Heheh, he's definitely no Ivan Basso!
Also has very strange training methods. I think I recall that he never does any specific training, no intervals, no periodization, just rides his bike up and down hills and shows up for the races. Eats whatever he wants, etc, etc. Might account for his erratic performance, but he has had some great wins. And taking yesterday's stage in the Pyrenees is about as good as it gets for a Euskatel rider.


----------



## Einstruzende (Jun 1, 2004)

Yea I don't think I can top that one. I feel bad for anyone that has facial scarring though. Most likely wasn't his fault...

Rasmussen aka "Chicken" is a pretty awkward looking fellow as well.


----------



## Dwayne Barry (Feb 16, 2003)

peterpen said:


> Heheh, he's definitely no Ivan Basso!
> Also has very strange training methods. I think I recall that he never does any specific training, no intervals, no periodization, just rides his bike up and down hills and shows up for the races. Eats whatever he wants, etc, etc. Might account for his erratic performance, but he has had some great wins. And taking yesterday's stage in the Pyrenees is about as good as it gets for a Euskatel rider.


Consistent with the picture painted by the author of the "Armstrong's War" book who paints Mayo and the Basque riders in general in the old school light of just ride alot and go with your sensations to get strong. Although I found the author to yuck it up quite a bit and exagerate and over generalize in the interest of painting the pictures he wanted.


----------



## Dwayne Barry (Feb 16, 2003)

Einstruzende said:


> Rasmussen aka "Chicken" is a pretty awkward looking fellow as well.

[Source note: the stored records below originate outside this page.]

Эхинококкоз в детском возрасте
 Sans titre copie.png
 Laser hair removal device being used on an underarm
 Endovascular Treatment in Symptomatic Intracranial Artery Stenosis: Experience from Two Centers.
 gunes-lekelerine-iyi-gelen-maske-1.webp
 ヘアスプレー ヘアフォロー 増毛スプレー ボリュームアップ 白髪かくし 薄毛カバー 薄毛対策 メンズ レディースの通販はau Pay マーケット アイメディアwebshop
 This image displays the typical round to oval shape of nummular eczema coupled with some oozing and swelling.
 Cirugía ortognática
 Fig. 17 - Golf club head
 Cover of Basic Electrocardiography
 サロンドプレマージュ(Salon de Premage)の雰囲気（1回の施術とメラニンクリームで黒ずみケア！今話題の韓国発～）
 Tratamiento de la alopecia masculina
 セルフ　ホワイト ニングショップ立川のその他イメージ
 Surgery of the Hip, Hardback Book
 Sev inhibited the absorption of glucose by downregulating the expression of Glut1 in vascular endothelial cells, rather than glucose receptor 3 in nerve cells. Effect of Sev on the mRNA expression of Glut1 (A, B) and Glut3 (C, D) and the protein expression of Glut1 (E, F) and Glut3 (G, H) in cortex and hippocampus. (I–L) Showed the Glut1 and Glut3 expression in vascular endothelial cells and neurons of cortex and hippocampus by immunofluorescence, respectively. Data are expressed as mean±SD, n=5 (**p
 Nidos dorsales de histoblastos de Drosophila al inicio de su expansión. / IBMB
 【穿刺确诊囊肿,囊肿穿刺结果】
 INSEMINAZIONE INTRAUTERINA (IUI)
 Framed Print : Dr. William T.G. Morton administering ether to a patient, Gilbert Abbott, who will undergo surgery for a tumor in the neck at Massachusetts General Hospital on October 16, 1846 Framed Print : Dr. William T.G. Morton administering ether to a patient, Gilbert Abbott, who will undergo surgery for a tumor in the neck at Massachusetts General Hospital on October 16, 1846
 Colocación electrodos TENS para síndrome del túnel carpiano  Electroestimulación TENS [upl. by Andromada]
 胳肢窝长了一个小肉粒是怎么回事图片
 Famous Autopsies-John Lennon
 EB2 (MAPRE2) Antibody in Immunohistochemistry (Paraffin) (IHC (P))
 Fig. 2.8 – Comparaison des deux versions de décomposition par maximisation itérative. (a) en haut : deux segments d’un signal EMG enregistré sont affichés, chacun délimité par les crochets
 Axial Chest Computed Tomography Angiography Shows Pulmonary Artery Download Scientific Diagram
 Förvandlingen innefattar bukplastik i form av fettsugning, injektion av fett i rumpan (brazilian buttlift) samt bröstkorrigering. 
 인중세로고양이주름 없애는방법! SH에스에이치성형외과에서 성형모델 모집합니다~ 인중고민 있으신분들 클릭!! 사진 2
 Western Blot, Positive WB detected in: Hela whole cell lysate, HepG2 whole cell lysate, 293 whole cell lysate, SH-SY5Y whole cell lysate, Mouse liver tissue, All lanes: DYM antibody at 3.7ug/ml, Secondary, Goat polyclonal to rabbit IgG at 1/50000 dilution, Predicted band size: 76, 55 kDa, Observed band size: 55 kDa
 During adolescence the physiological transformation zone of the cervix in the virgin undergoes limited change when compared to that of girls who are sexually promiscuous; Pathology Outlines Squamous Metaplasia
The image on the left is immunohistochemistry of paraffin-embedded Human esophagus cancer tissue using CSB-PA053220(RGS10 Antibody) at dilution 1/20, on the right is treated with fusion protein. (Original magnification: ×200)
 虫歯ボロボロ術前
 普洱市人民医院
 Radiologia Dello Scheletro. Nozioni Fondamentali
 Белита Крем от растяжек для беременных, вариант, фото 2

There's that scary picture of him from last year's Tour with his helmet off on a hot mountain finish and the veins are bulging out all over his stark white shaven head.


----------



## peterpen (May 5, 2004)

You want scary, check this month's Procycling with a pic of him at the TDF med check. Dude makes that anoerexic Olsen twin look like a porker. It's astounding his arms don't just snap off at the shoulders when he gets out of the saddle.


----------



## elviento (Mar 24, 2002)

Yeah, Mr. Bony A$$ is definitely up there. 

I remember Boogimann (Michael Boogard) was once mentioned by Phil or Paul as the good looking guy, but his huge teeth kinda bother me.




Dwayne Barry said:


> http://www.cyclingnews.com/photos/2005/vuelta05/index.php?id=vuelta0511/5
> 
> And he looks ungainly on his bike as well, but he has flashes of brilliance once every couple of years on a mountain top finish!


----------



## wzq622 (Aug 3, 2004)

he's retired now, but Udo Bolts was one ugly dude. He had a gap in his teeth that couldnt be bridged by any peloton


----------



## chuckice (Aug 25, 2004)

elviento said:


> Yeah, Mr. Bony A$$ is definitely up there.
> 
> I remember Boogimann (Michael Boogard) was once mentioned by Phil or Paul as the good looking guy, but his huge teeth kinda bother me.


Boogerd's definitely got some horse teeth...but DANG Laiseka is harsh on the eyes!


----------



## BugMan (Feb 16, 2004)

*I was gonna vote for "Chicken"...*

...until I ran across this picture of Jens Voight.


----------



## chuckice (Aug 25, 2004)

BugMan said:


> ...until I ran across this picture of Jens Voight.


No way man...Jens is goofy but Laiseka is just damn ugly.


----------



## dagger (Jul 22, 2004)

*You guys are wrong*

LoL. have mercy.


----------



## pantau (Jan 30, 2005)

*sergej ivanov*

the fassa bortolo dress concealed his appearance a bit, but since his move to t-mobile the ugliness is obvious...


----------



## Rthur2sheds (Jul 30, 2004)

*Ivanov*

poor guy looks like a Ferengi...


----------



## sgt_hedgehog (Jun 28, 2004)

*Bram Tankink*

this dude's pretty weird looking. he wins ugliest name award, anyway. like all pros, though, he has great legs.


----------



## BAi9302010 (Mar 7, 2002)

did a quick search on cycling news and Roberto Laiseka may not be the best looking guy in the peloton but he's not ugly by any means...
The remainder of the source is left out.